Suppose that regulation of greenhouse gas emissions from power plants would produce large benefits in 30 years—but only modest benefits today. Suppose at the same time that these same regulations require businesses to make a series of increasingly costly changes to their operations over the next several decades.
Since 1981, both Republican and Democratic presidents have required government agencies to calculate the cost and benefits of proposed regulations and to proceed only if the benefits justify the costs. To the surprise of many observers, President Joe Biden recently embraced those requirements, which means that cost-benefit analysis is likely to play a central role in his presidency.
When costs and benefits unfold over many years, as they often do, regulators have to choose an all-important number: the discount rate. That number determines the value today of regulatory costs and regulatory benefits that arrive in the future. The intuition is that benefits enjoyed today are worth more than those that occur in 2030, while we would rather incur costs in 2030 than today. Within the federal government, future costs and benefits are now “discounted” at an annual rate of 3%—a figure used under the presidencies of both Barack Obama and Donald Trump.
But that number has become exceptionally hard to defend. In some cases, the 3% figure will support indefensibly costly regulations. In other cases, it will support indefensibly weak ones.
Profound changes in international capital markets over the last several decades mean that the Biden administration should conduct a transparent and inclusive review of discounting, which we expect would lead to reducing the discount rate to 2% or possibly less. Doing so would produce immediate, substantial changes in the projected costs and benefits of countless regulations.

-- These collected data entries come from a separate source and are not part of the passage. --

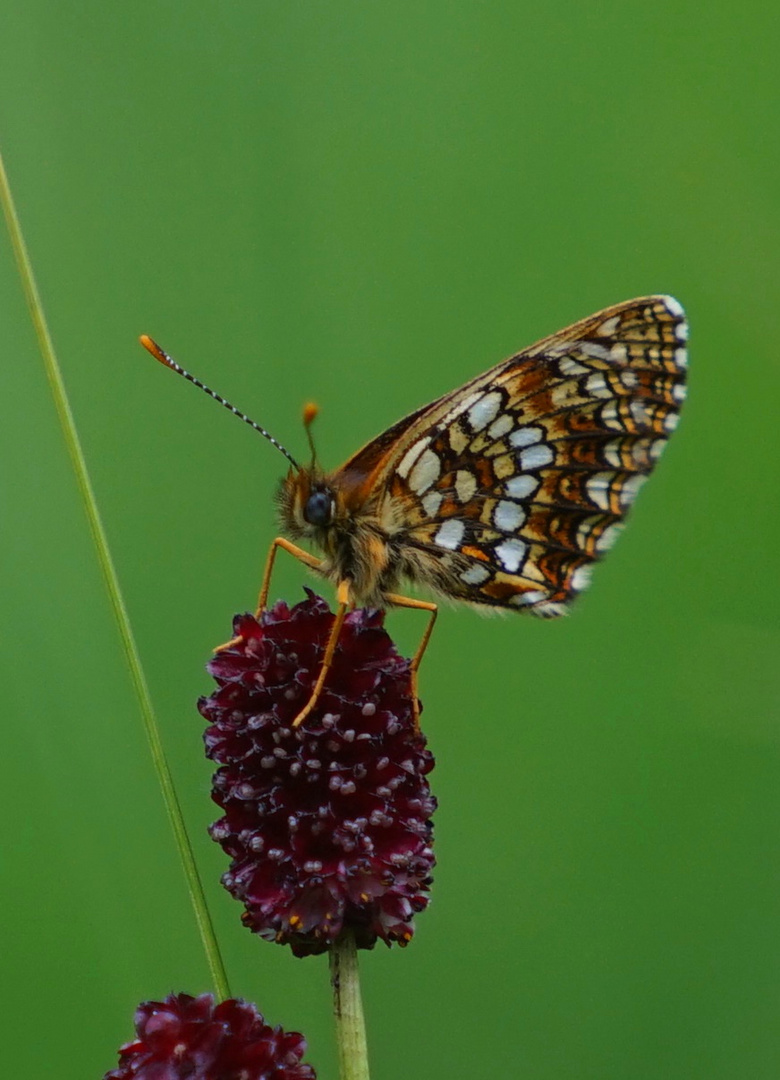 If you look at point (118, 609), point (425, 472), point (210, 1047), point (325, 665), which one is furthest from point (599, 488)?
point (210, 1047)

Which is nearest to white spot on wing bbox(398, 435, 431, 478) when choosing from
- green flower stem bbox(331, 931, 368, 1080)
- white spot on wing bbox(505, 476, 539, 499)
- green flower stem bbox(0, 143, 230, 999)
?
white spot on wing bbox(505, 476, 539, 499)

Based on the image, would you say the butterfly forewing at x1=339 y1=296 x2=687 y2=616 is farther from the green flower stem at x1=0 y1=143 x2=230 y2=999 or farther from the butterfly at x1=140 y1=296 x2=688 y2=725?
the green flower stem at x1=0 y1=143 x2=230 y2=999

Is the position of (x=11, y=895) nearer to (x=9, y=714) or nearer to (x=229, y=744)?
(x=9, y=714)

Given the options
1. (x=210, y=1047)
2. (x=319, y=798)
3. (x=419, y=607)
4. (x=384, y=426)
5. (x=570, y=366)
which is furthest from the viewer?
(x=384, y=426)

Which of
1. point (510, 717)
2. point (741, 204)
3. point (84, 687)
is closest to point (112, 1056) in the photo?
point (84, 687)

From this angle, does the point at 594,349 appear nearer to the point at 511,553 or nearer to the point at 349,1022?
the point at 511,553

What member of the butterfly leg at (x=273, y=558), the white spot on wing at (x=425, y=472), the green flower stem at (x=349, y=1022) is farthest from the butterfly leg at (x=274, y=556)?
the green flower stem at (x=349, y=1022)

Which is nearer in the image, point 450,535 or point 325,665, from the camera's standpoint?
point 325,665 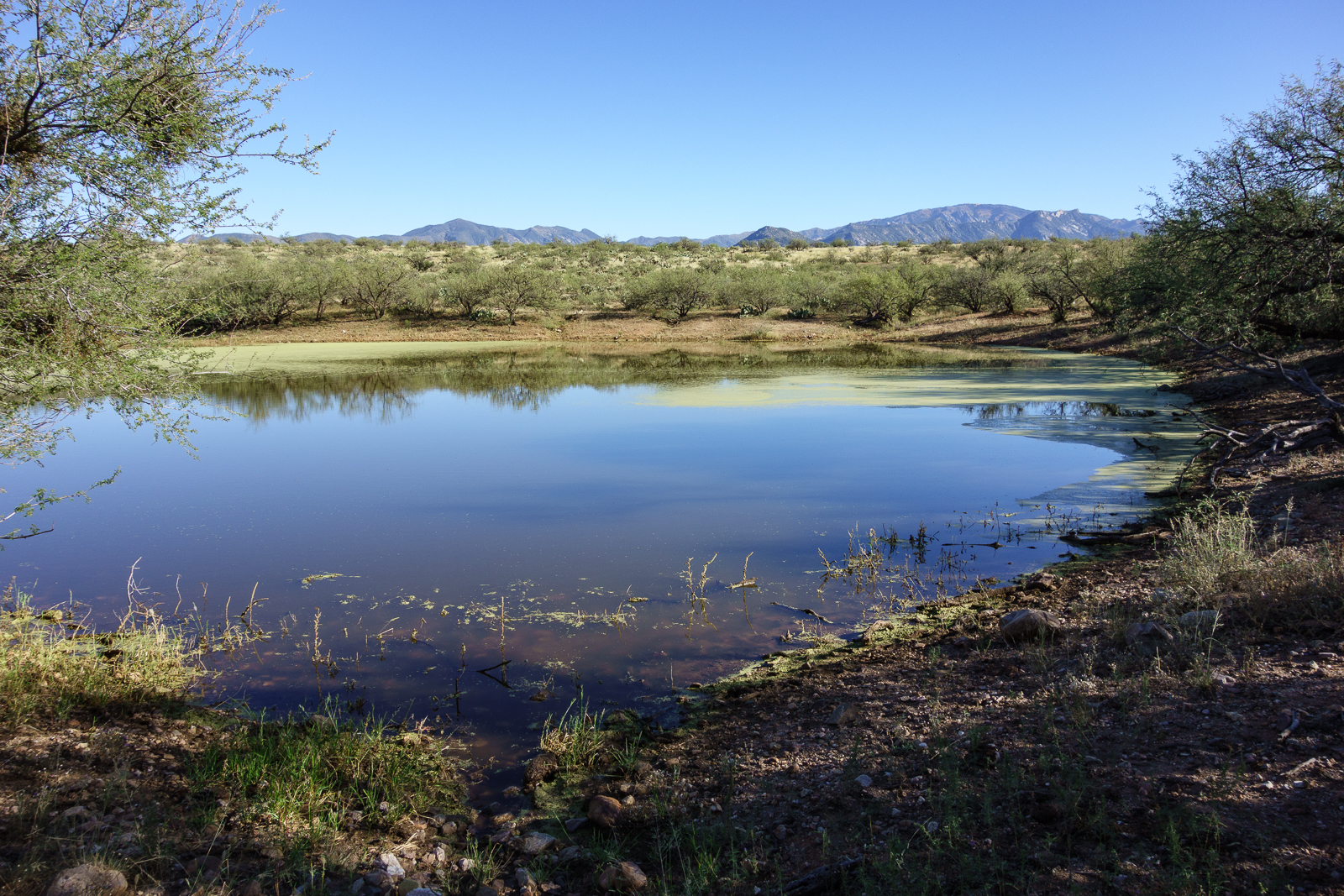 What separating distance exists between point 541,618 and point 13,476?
8.57 metres

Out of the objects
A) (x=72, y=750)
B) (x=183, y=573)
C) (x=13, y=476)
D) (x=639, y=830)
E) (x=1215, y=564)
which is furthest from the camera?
(x=13, y=476)

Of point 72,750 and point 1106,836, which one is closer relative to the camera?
point 1106,836

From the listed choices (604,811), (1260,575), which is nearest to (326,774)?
(604,811)

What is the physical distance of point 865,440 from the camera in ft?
39.5

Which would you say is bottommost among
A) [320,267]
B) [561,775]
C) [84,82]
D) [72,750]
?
[561,775]

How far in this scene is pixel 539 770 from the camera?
3594 mm

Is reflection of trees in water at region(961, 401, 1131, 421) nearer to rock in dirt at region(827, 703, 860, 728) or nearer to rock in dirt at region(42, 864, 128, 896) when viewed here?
rock in dirt at region(827, 703, 860, 728)

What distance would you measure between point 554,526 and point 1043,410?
36.6ft

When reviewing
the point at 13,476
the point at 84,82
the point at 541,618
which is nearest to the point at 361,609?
the point at 541,618

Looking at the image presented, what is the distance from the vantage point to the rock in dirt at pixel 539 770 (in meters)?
3.55

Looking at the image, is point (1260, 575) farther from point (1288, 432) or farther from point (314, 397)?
point (314, 397)

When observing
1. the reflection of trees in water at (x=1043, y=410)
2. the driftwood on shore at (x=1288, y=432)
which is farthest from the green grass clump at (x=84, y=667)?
the reflection of trees in water at (x=1043, y=410)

The reason for this change has nothing to do with politics. It is required by widely accepted economic principles and federal precedent. And though it may sound like a narrow technical issue, it has an enormous impact. Every year, the federal government makes hundreds of decisions that impose costs on the private sector in exchange for expected benefits. Sometimes both costs and benefits will occur in the near future. But sometimes the major costs will be faced in the coming decades, and sometimes the benefits will be delayed.